Re:Like every other "advance" in image recognition by Spikeman56 · 2008-05-24 14:55 · Score: 3, Informative

The actual paper is at http://people.csail.mit.edu/torralba/publications/nipsRecognitionBySceneAlignment.pdf

From what I can tell, it's basically, "blur the image down to only a few hundred pixels and then you have less data to comb through!"
Re:Like every other "advance" in image recognition by Concerned+Onlooker · 2008-05-24 15:01 · Score: 2, Interesting

Yep, I second that. The article is really short on details. Not surprising since they're presenting it at a conference next month. We don't even know what kind of features they are extracting from the images.
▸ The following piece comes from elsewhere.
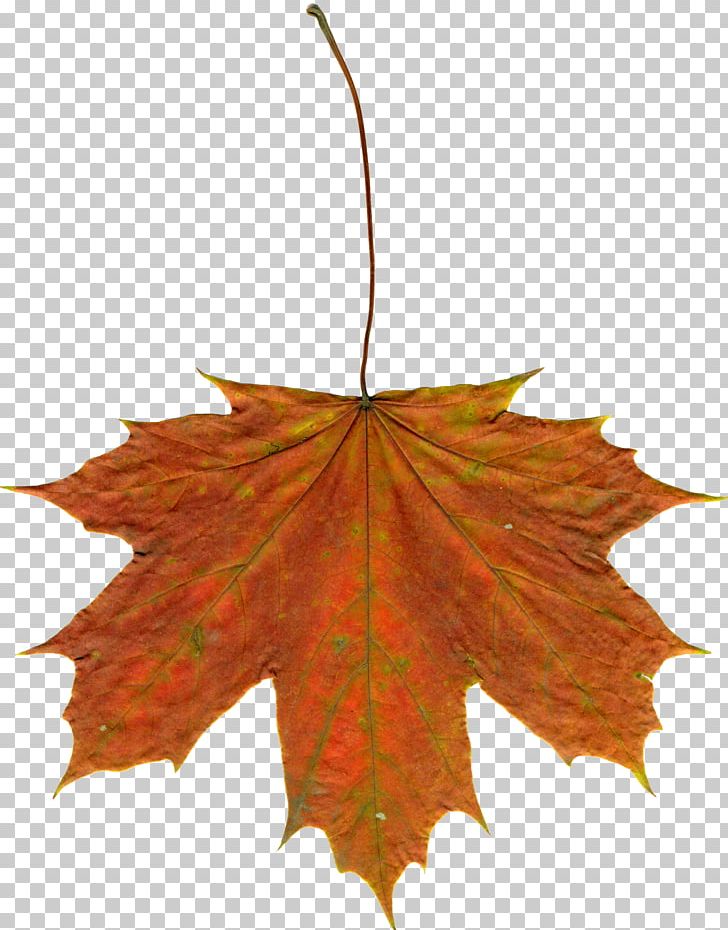 Drawing Autumn Leaf Color PNG, Clipart, Autumn, Autumn Leaf Color, Computer Icons, Download, Drawing Free PNG Download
Are they using wavelets? Texture descriptors? Color information? Shape recognition? It sounds like a combination of true content based image recognition with keyword input association if I read the article correctly.

If they are claiming to have a general image recognition algorithm that'd be something. As it is a lot of research goes into recognizing specific kinds of things, such as faces, license plates, etc. I'm very curious to see what they've come up with.

--
http://www.rootstrikers.org/
Re:Very cool stuff... by Hays · 2008-05-24 15:26 · Score: 3, Informative

What you're asking for is ill-defined, but much sought after.

A reasonable descriptor which produces distances that seem somewhat correlated with human perception would indeed be Antonio Torralba and Aude Oliva's gist descriptor.

http://people.csail.mit.edu/torralba/code/spatialenvelope/

It's become quite popular in computer vision and computer graphics for scene matching.
Re:Like every other "advance" in image recognition by Hays · 2008-05-24 15:27 · Score: 4, Informative

Read the papers then
http://people.csail.mit.edu/torralba/tinyimages/
Re:I forsee nefarious law enforcement uses by ceoyoyo · 2008-05-24 19:15 · Score: 2, Insightful

Any decent object recognition algorithm supports at least affine transformations, which include rotation.

Some of those scientists are actually pretty smrt.
Re:I forsee nefarious law enforcement uses by ceoyoyo · 2008-05-25 07:58 · Score: 4, Informative

There are all kinds of ways, but two simple ones come to mind. If you convert to a polar coordinate system the power spectrum is conveniently orientation independent. You can use the same trick with a shift: the power spectrum of a Cartesian coordinate system is shift independent.

Another way is to somehow identify the orientation. An simple way to do that is to find the axis along which there's maximum variation and rotate until those axes match in both images.

Pixel by pixel co-registration basically does look at a similarity measure for a lot of variations on the affine transform. You generally don't have to look at them all though: you use an iterative algorithm with a clever optimization strategy so your transform gets better and better instead of searching through the parameter space randomly.